WHAT IS NEEDED:
What is needed here is an exact repetition of the records below, beginning at the line that has "5th image of 220 Cranklen Cir" and stopping after the line that has "Gordon Ramsay Pub & Grill - Dining room".

MATERIAL FOR THE TASK:

*-*-*

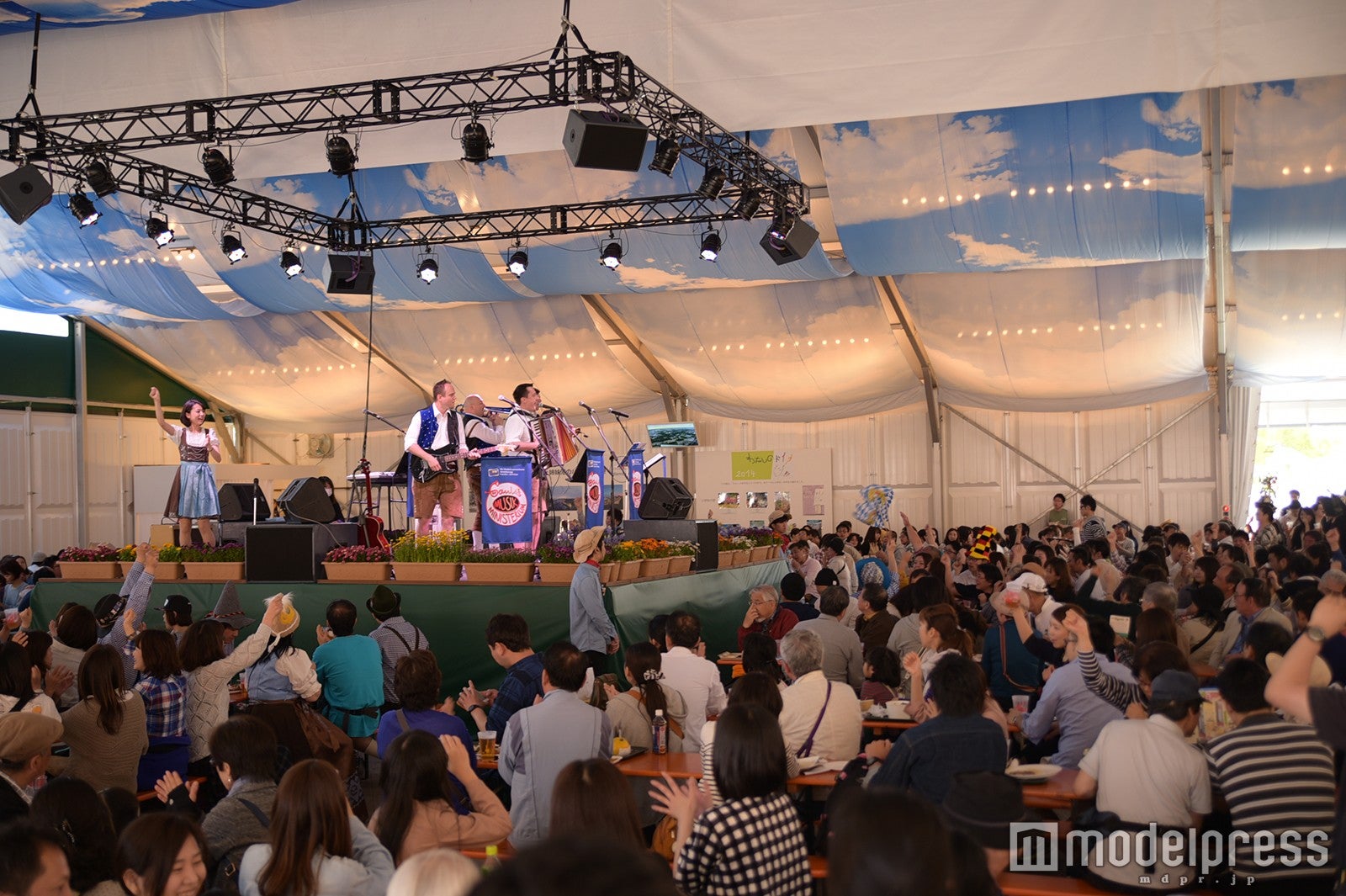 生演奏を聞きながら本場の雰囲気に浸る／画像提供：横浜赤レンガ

*-*-*

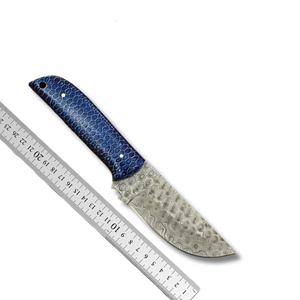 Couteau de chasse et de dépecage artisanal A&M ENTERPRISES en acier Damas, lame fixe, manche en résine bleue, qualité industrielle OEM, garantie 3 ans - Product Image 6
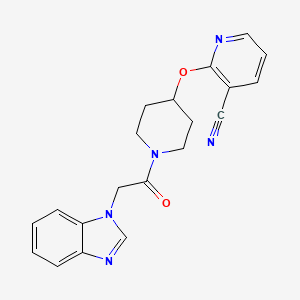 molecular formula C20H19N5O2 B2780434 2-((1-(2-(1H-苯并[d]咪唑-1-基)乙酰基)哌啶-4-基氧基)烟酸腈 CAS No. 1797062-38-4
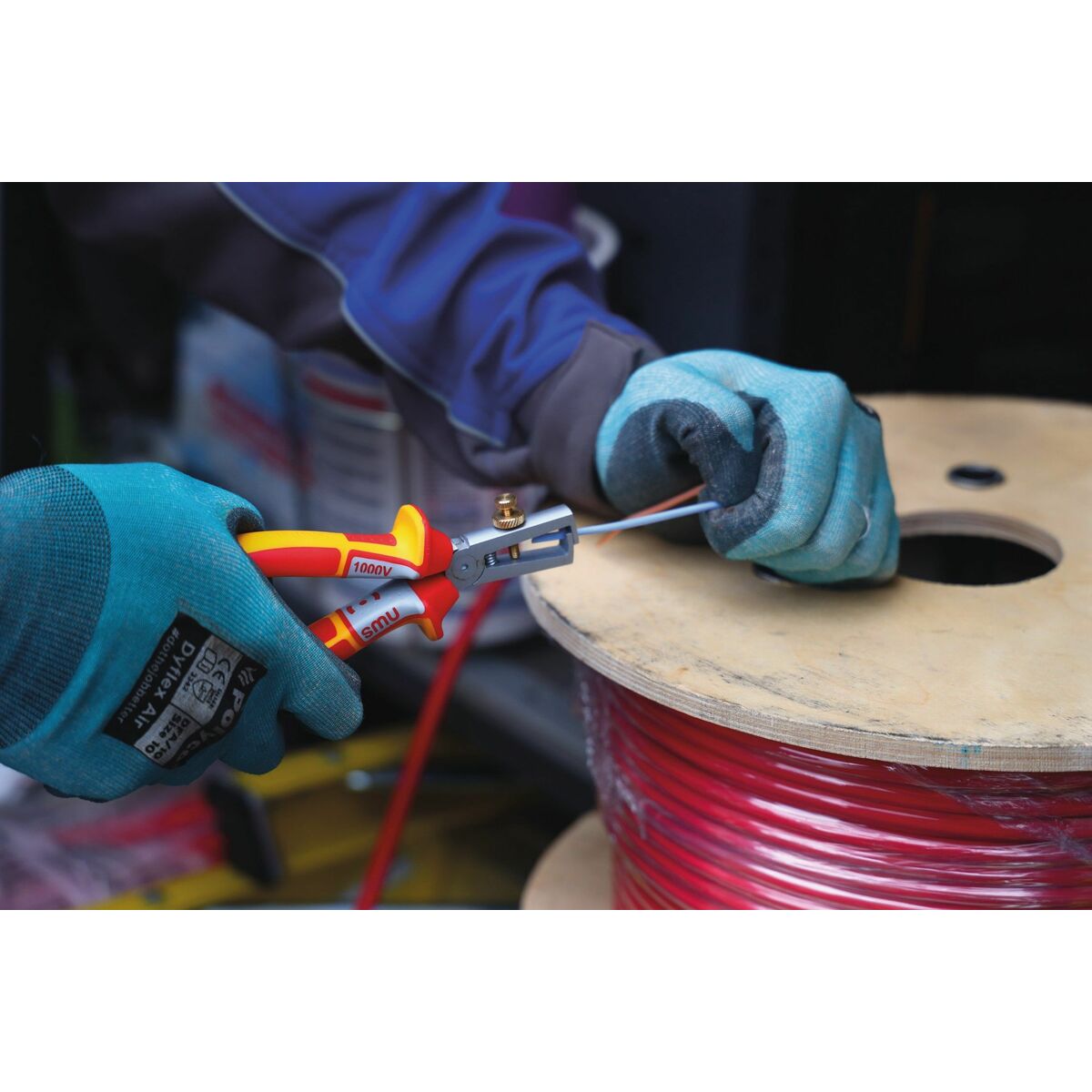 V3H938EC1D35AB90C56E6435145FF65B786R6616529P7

*-*-*

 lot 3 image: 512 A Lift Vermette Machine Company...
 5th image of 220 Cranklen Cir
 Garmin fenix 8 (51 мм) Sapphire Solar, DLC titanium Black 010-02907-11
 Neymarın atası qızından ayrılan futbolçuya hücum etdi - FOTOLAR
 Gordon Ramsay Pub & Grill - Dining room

*-*-*

TASK OUTPUT:
 5th image of 220 Cranklen Cir
 Garmin fenix 8 (51 мм) Sapphire Solar, DLC titanium Black 010-02907-11
 Neymarın atası qızından ayrılan futbolçuya hücum etdi - FOTOLAR
 Gordon Ramsay Pub & Grill - Dining room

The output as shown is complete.